+++ DATA SHOWN

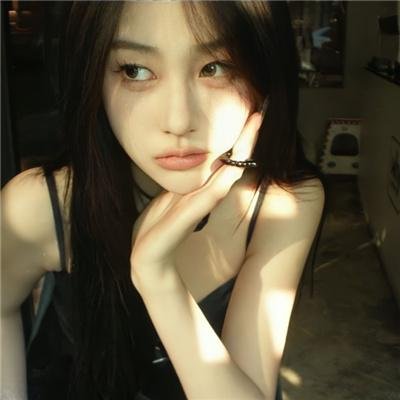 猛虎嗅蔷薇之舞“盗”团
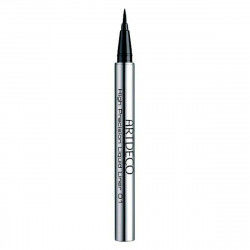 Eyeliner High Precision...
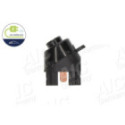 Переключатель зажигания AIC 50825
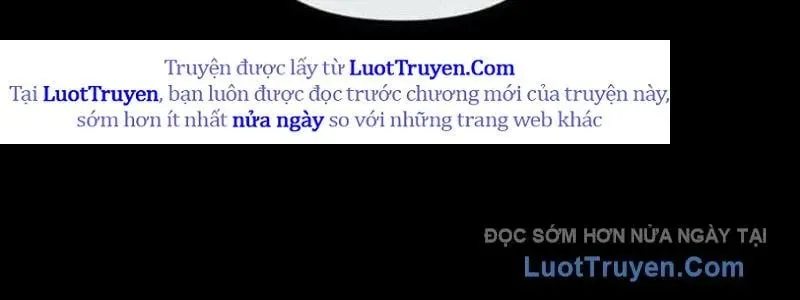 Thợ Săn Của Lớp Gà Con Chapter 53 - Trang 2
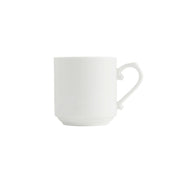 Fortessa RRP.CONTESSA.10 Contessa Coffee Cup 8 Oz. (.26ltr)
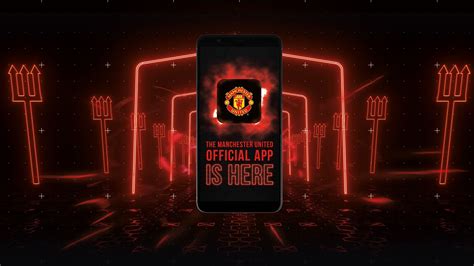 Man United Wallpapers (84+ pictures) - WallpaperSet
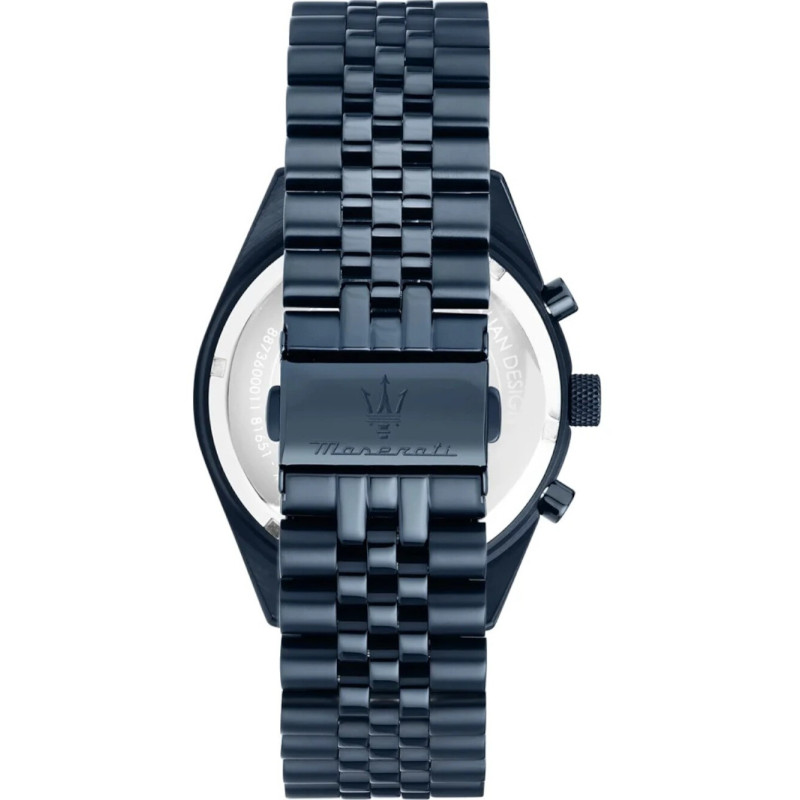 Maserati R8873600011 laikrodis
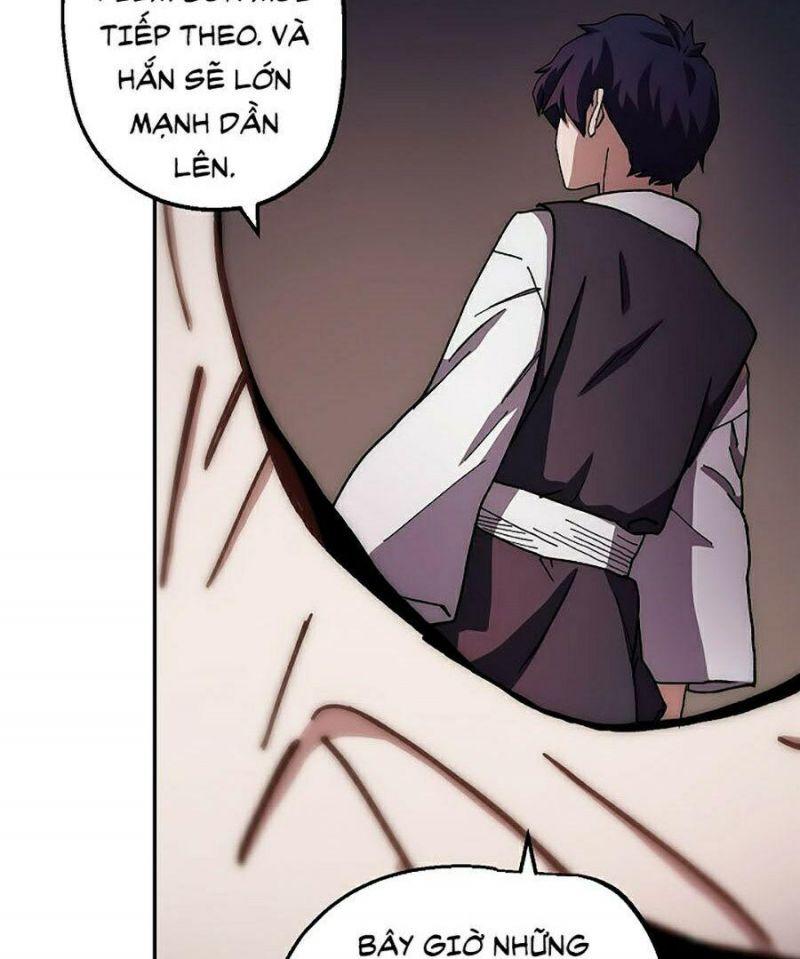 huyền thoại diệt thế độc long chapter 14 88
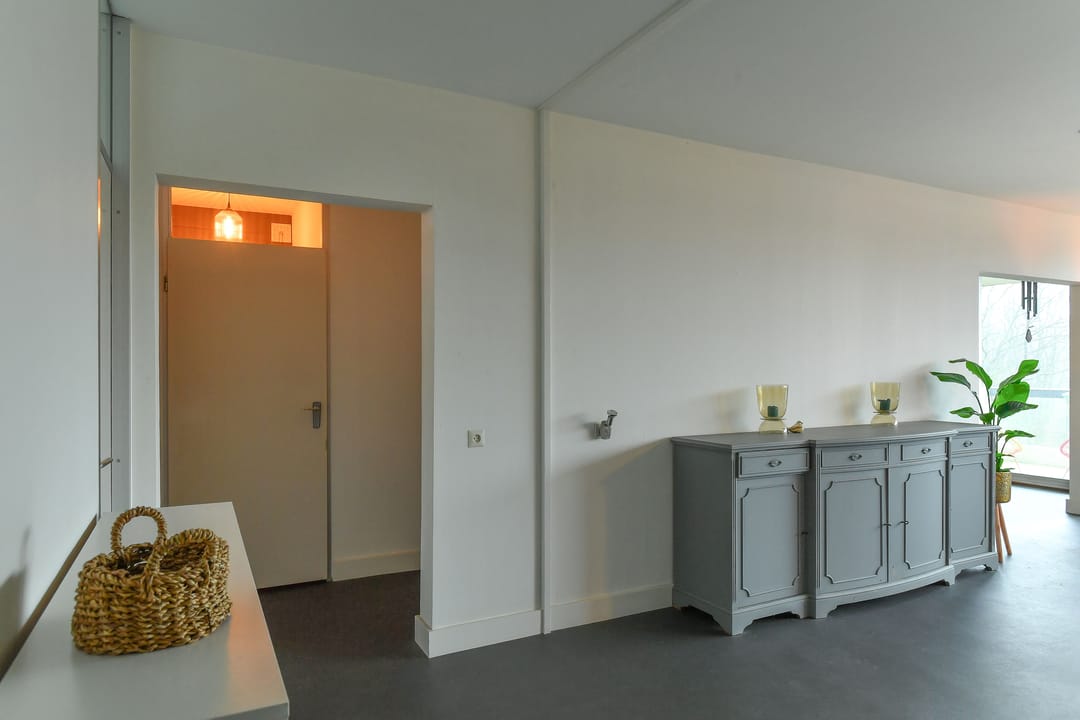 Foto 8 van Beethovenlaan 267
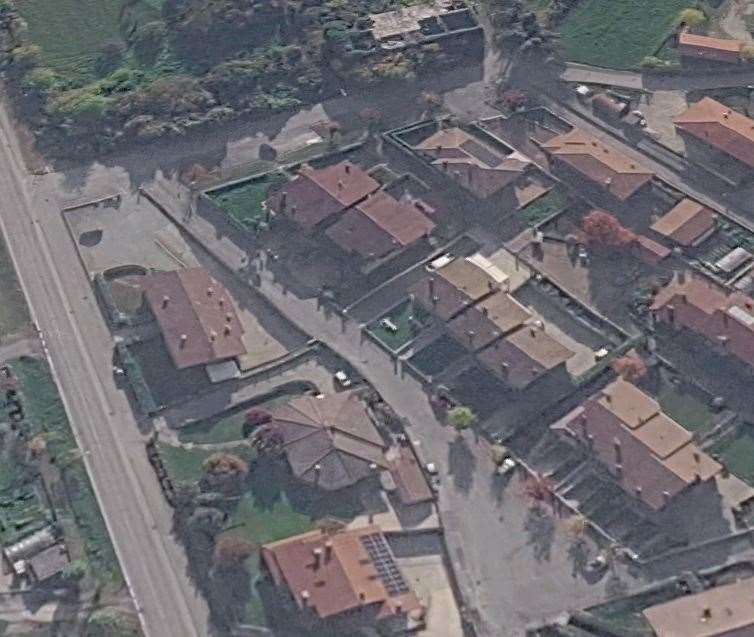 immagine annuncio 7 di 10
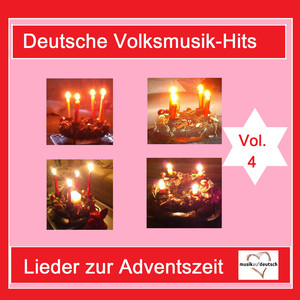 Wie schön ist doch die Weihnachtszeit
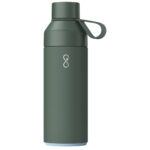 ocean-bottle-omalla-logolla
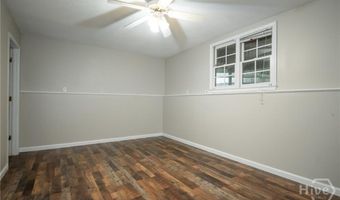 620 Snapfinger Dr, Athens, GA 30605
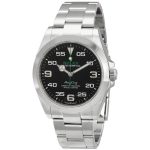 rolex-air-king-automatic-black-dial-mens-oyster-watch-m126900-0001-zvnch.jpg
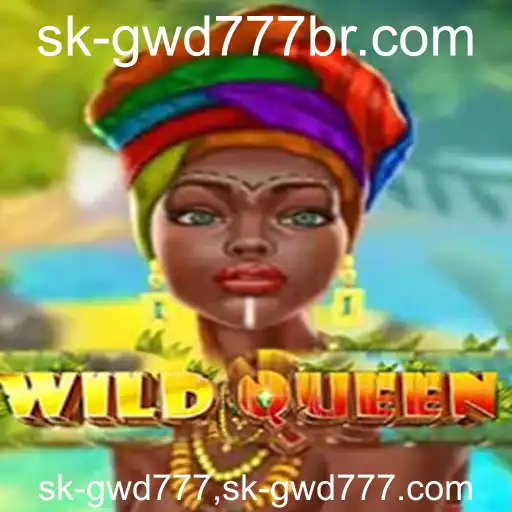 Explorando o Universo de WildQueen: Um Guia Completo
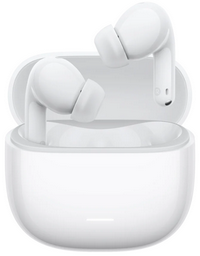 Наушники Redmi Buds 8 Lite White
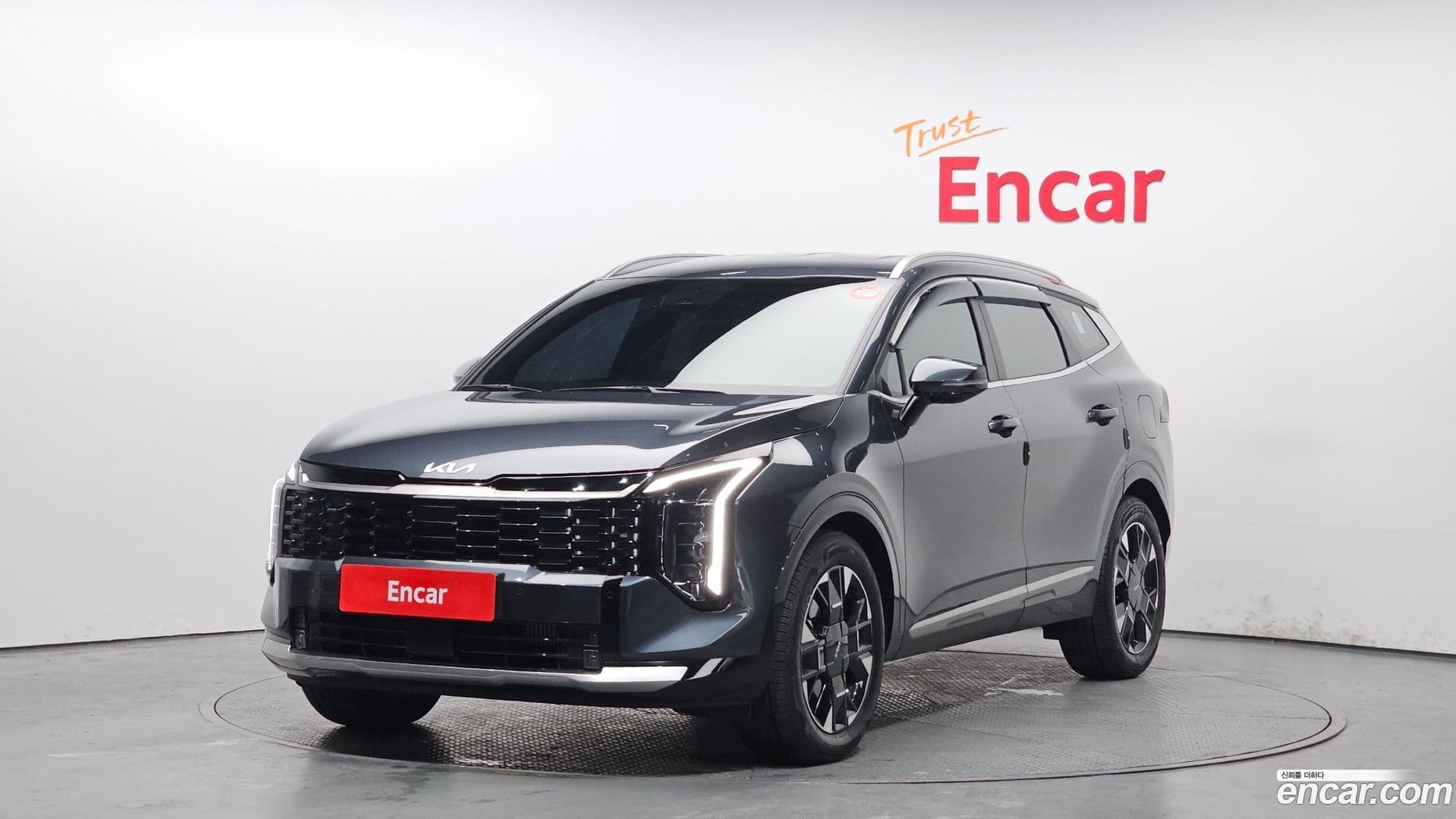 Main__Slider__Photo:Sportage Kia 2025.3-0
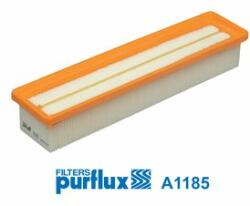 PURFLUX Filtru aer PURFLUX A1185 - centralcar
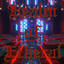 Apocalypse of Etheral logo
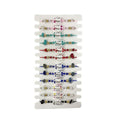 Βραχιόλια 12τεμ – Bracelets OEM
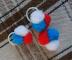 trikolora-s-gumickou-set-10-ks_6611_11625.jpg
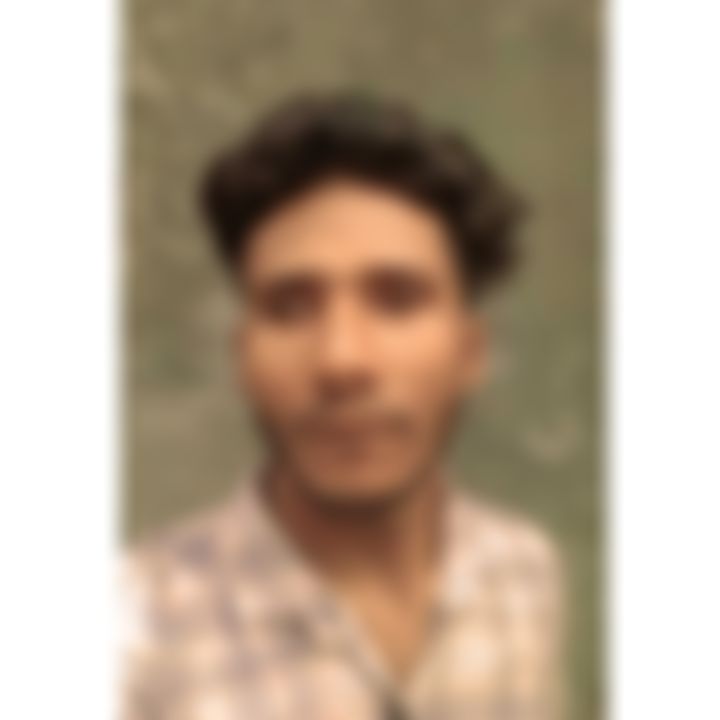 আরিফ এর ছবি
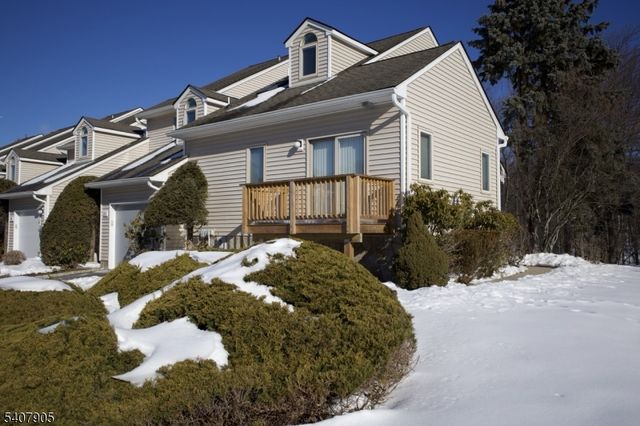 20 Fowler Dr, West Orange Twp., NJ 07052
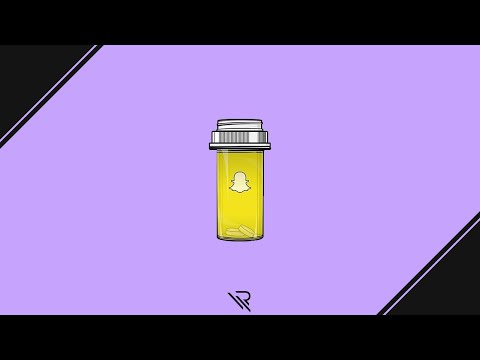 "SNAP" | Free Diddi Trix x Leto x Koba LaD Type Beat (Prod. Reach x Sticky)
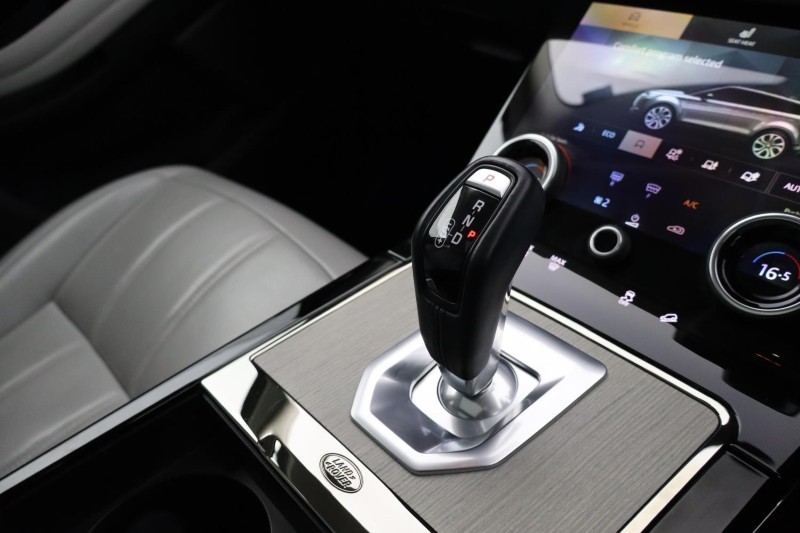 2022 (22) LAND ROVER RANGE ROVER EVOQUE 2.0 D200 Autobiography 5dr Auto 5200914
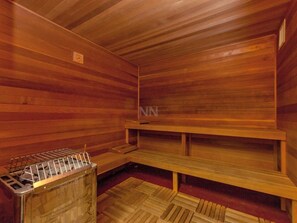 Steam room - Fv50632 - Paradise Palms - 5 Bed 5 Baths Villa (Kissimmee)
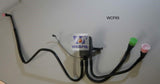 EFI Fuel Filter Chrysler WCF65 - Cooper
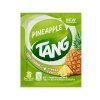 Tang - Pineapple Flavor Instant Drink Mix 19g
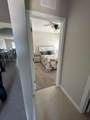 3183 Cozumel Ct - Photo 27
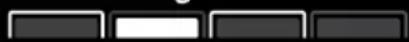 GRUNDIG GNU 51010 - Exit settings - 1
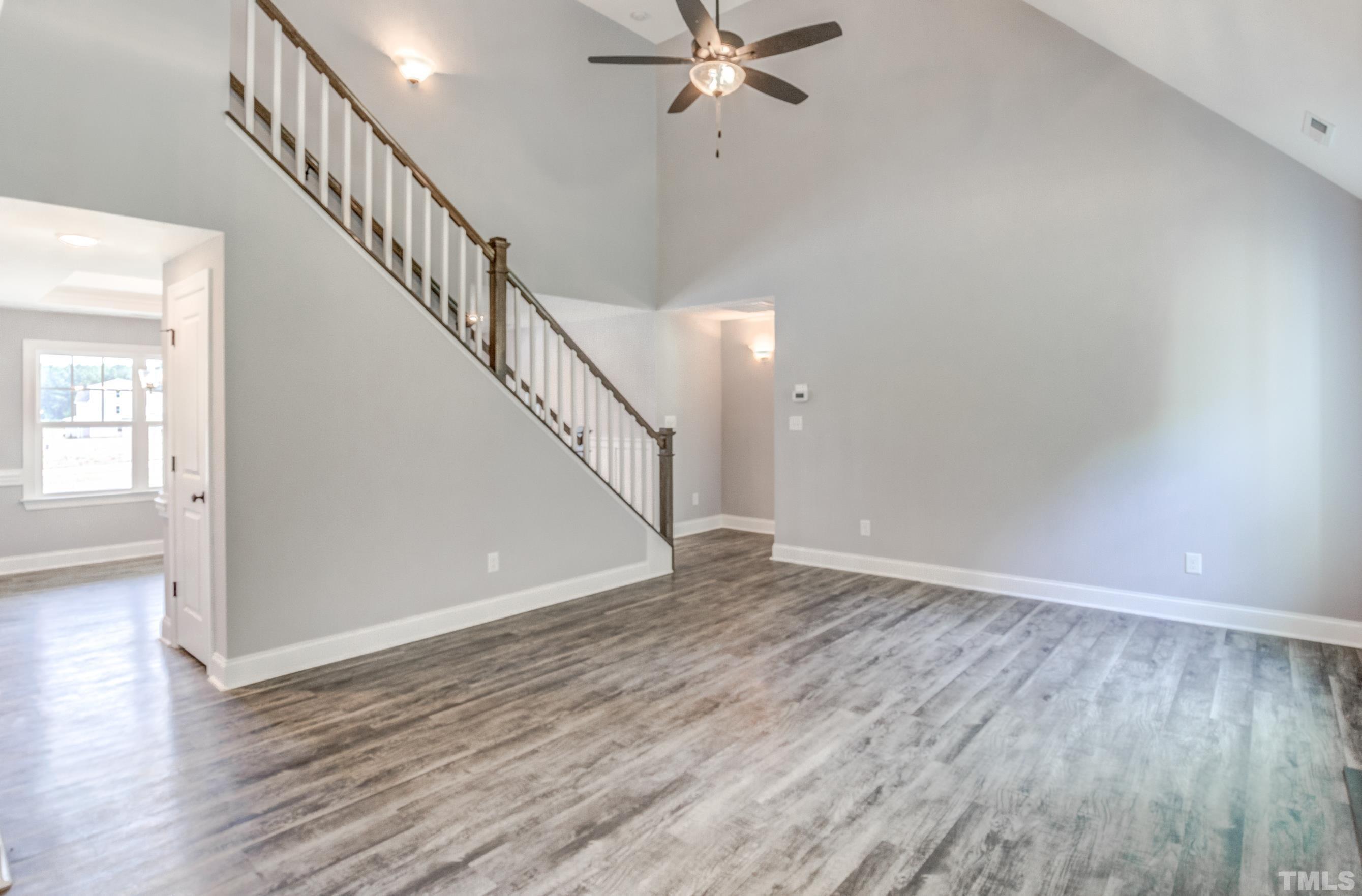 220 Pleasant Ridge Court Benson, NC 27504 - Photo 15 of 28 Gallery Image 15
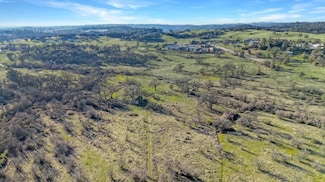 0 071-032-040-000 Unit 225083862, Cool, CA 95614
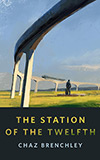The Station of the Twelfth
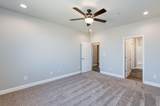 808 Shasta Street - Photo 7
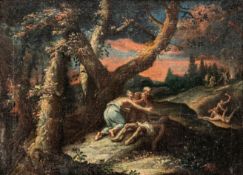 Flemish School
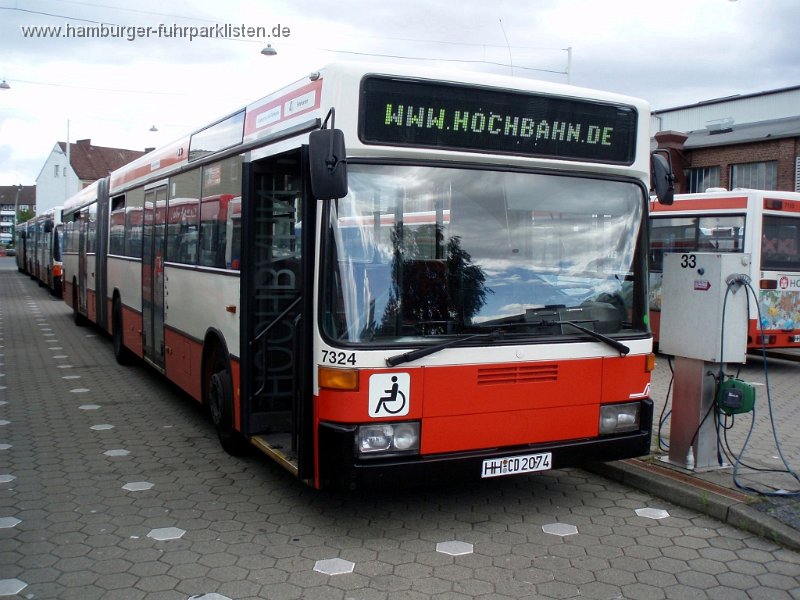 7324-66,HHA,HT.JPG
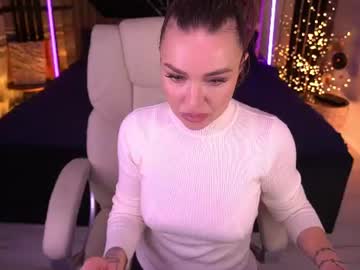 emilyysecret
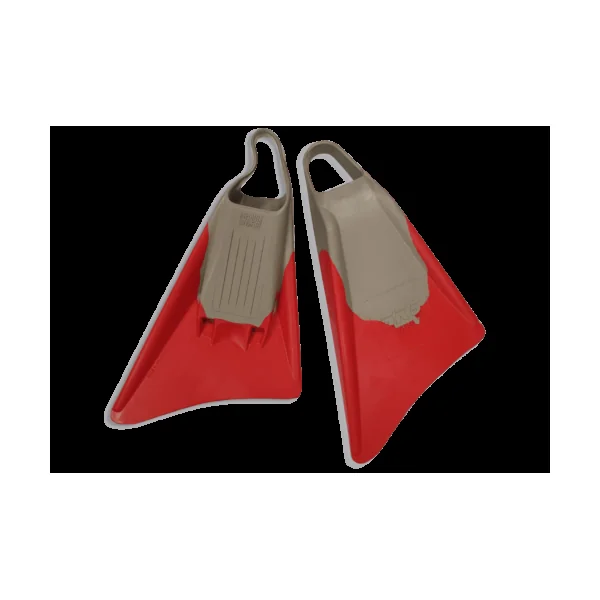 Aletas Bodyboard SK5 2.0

++++++

EXERCISE:
All of the records above are to be printed exactly, with every picture omitted.

RESPONSE BELOW:
 猛虎嗅蔷薇之舞“盗”团
 Eyeliner High Precision...
 Переключатель зажигания AIC 50825
 Thợ Săn Của Lớp Gà Con Chapter 53 - Trang 2
 Fortessa RRP.CONTESSA.10 Contessa Coffee Cup 8 Oz. (.26ltr)
 Man United Wallpapers (84+ pictures) - WallpaperSet
 Maserati R8873600011 laikrodis
 huyền thoại diệt thế độc long chapter 14 88
 Foto 8 van Beethovenlaan 267
 immagine annuncio 7 di 10
 Wie schön ist doch die Weihnachtszeit
 ocean-bottle-omalla-logolla
 620 Snapfinger Dr, Athens, GA 30605
 rolex-air-king-automatic-black-dial-mens-oyster-watch-m126900-0001-zvnch.jpg
 Explorando o Universo de WildQueen: Um Guia Completo
 Наушники Redmi Buds 8 Lite White
 Main__Slider__Photo:Sportage Kia 2025.3-0
 PURFLUX Filtru aer PURFLUX A1185 - centralcar
 Apocalypse of Etheral logo
 Βραχιόλια 12τεμ – Bracelets OEM
 trikolora-s-gumickou-set-10-ks_6611_11625.jpg
 আরিফ এর ছবি
 20 Fowler Dr, West Orange Twp., NJ 07052
 "SNAP" | Free Diddi Trix x Leto x Koba LaD Type Beat (Prod. Reach x Sticky)
 2022 (22) LAND ROVER RANGE ROVER EVOQUE 2.0 D200 Autobiography 5dr Auto 5200914
 Steam room - Fv50632 - Paradise Palms - 5 Bed 5 Baths Villa (Kissimmee)
 EFI Fuel Filter Chrysler WCF65 - Cooper
 Tang - Pineapple Flavor Instant Drink Mix 19g
 3183 Cozumel Ct - Photo 27
 GRUNDIG GNU 51010 - Exit settings - 1
 220 Pleasant Ridge Court Benson, NC 27504 - Photo 15 of 28 Gallery Image 15
 0 071-032-040-000 Unit 225083862, Cool, CA 95614
The Station of the Twelfth
 808 Shasta Street - Photo 7
 Flemish School
 7324-66,HHA,HT.JPG
 emilyysecret
 Aletas Bodyboard SK5 2.0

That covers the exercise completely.